Certain employees of a related company performed services for the Company
which were billed based on the actual amount of time spent by these
individuals performing services for the Company. These charges were
expensed based on the nature of the services provided. During the year
ended December 31, 1999, the Company recorded $78,223 and $28,491 of sales
and marketing, and general and administrative expenses, respectively,
related to these billings.
10
<PAGE>
7. 401(k) Savings Plan
At December 31, 1999, the Company had established a defined contribution
savings plan under Section 401(k) of the Internal Revenue Code. This plan
covers substantially all employees who meet minimum age and service
requirements and allows participants to defer a portion of their annual
compensation on a pre-tax basis. Company contributions to the plan may be
made at the discretion of the Board of Directors. To date there were no
contributions made to the plan by the Company.
8. Subsequent Event (unaudited)
On January 3, 2000, the Company repurchased 143,258 shares of its common
stock from six shareholders in exchange for $900. The repurchase of these
shares is reflected at cost in the accompanying financial statements.
In addition, in January 2000, the Company granted 39,458 shares of common
stock to two existing shareholders and 103,800 shares of common stock to an
employee of the Company. The Company recorded a one-time charge of
$4,443,863 related to these based on the estimated fair value of the
Company's common stock at that date, as determined by the Board of
Directors.
On March 21, 2000 and April 26, 2000, the Company declared 100-for-1 and 6-
for-1 stock splits. These stock splits are reflected in the accompanying
financial statements.
On May 1, 2000, the Company's Board of Directors approved the WireSpeed
Communications Corporation Stock Option Plan (the "Stock Option Plan").

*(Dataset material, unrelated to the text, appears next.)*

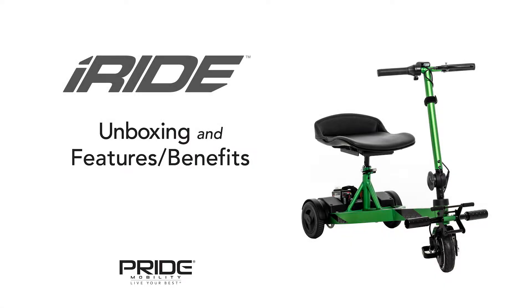Introducing the all-new iRide from Pride Mobility. With its 250-pound weight capacity, this scooter is the answer to a lightweight product that's easy to fold and transport.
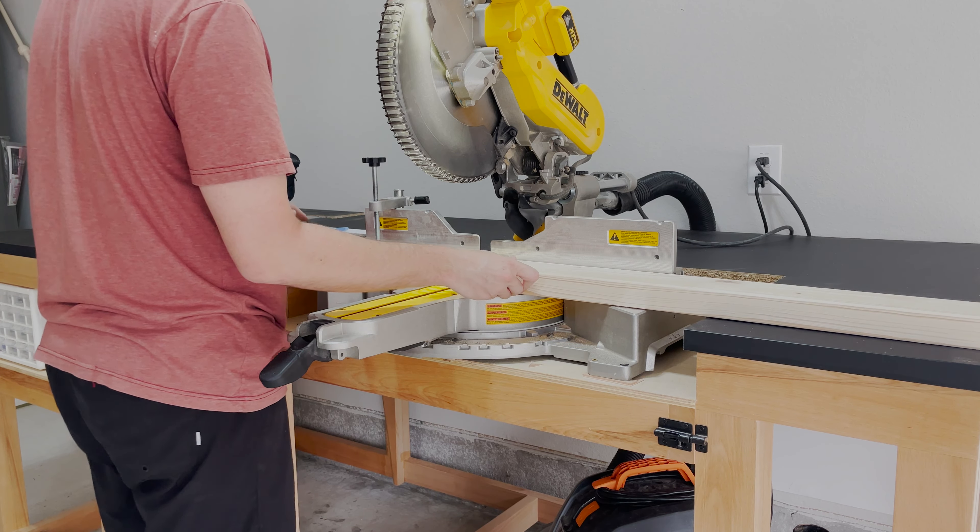Something interesting happened when I grabbed the third board — I noticed it was warped and had stress built up inside it, so I screwed it down. This is something you always want to do if a board is warped, because this board had so much stress that it stopped the blade completely. That much stress can grab the board and throw it — or worse, catch your finger. So I flipped it over, screwed it down again, and cut from the side I hadn't cut yet. Always be aware of this when cutting warped or stressed wood.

Under the Stock Option Plan, the Company can issue up to 500,000 options to
purchase the Company's common stock. During May and June 2000, the Company
granted 57,950 options under the Stock Option Plan. The Company recorded
deferred compensation of $1,939,587 related to these stock option grants to
reflect the difference between the estimated fair value of the Company's
common stock at the date of issuance and the exercise price of the options.
Certain employees received accelerated vesting to reflect previous service
to the Company. As a result, $739,384 of the deferred compensation charge
was immediately expensed at the date the related options were granted. The
remaining deferred compensation balance will be recognized over the
remaining vesting period of these options.
On June 14, 2000, the Company entered into a stock purchase agreement with
Red Hat, Inc. ("Red Hat") and on July 27, 2000, the acquisition of the
Company by Red Hat was completed. Under the terms of this agreement, Red
Hat acquired all of the outstanding shares of the Company in exchange of
1,461,119 shares of Red Hat common stock and options to purchase 64,246
shares of Red Hat common stock. In addition, the Company can earn up to an
additional $49,500,000 of Red Hat stock based on achievement by the
WireSpeed business of specific revenue milestones for the six month periods
ended February 28, 2001, August 31, 2001 and February 28, 2002.